> _WHAT TO DO_:
From the listing below, output the lines between the one with "I do see an x" and the one with "They said this", including those two, and nothing else. Pictures are not copied.

> _DATA UNDER STUDY_:
┄┄┄┄┄┄┄┄┄┄
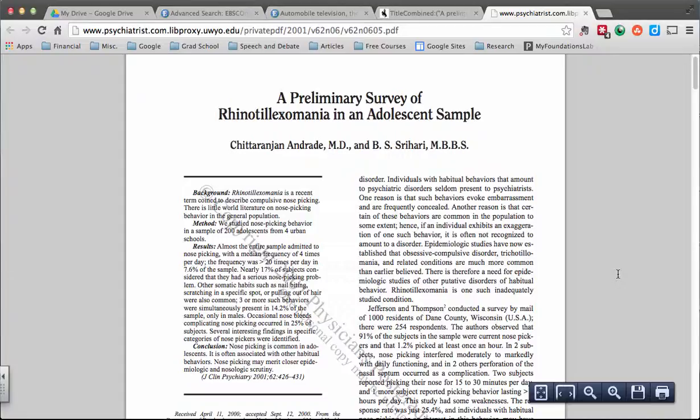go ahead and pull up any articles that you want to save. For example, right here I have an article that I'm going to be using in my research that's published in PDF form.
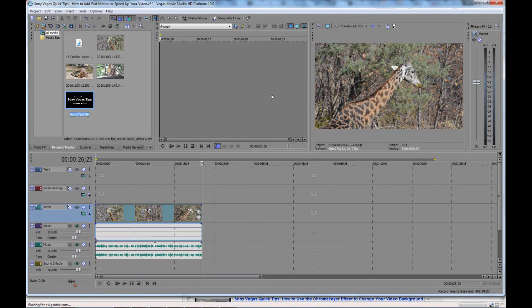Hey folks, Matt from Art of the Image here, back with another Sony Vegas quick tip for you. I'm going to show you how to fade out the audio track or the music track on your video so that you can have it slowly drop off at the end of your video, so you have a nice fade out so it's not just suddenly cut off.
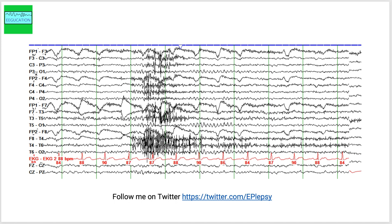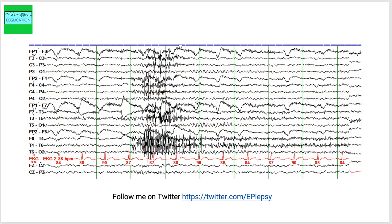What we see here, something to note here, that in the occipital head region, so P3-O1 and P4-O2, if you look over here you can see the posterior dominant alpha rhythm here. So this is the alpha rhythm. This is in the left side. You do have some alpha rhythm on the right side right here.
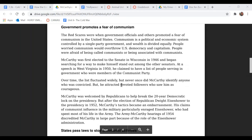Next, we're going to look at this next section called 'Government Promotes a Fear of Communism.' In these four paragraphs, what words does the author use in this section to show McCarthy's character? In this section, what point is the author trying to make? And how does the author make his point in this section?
┄┄┄┄┄┄┄┄┄┄
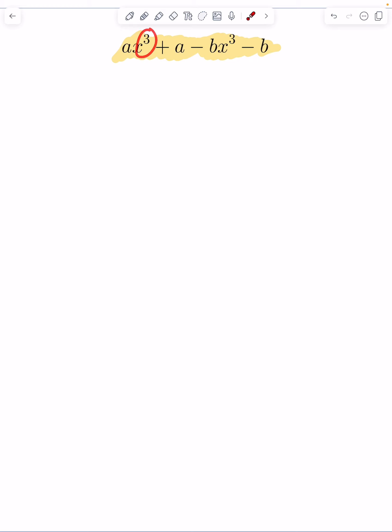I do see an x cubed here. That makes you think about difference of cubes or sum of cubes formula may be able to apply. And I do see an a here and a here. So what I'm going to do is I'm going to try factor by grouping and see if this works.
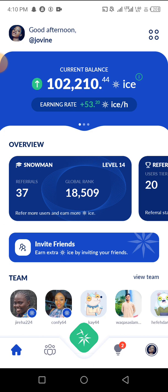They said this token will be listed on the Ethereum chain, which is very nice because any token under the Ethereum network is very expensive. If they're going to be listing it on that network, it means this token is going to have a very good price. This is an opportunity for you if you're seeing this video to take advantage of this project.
┄┄┄┄┄┄┄┄┄┄
> _ANSWER SPACE_:
I do see an x cubed here. That makes you think about difference of cubes or sum of cubes formula may be able to apply. And I do see an a here and a here. So what I'm going to do is I'm going to try factor by grouping and see if this works.
They said this token will be listed on the Ethereum chain, which is very nice because any token under the Ethereum network is very expensive. If they're going to be listing it on that network, it means this token is going to have a very good price. This is an opportunity for you if you're seeing this video to take advantage of this project.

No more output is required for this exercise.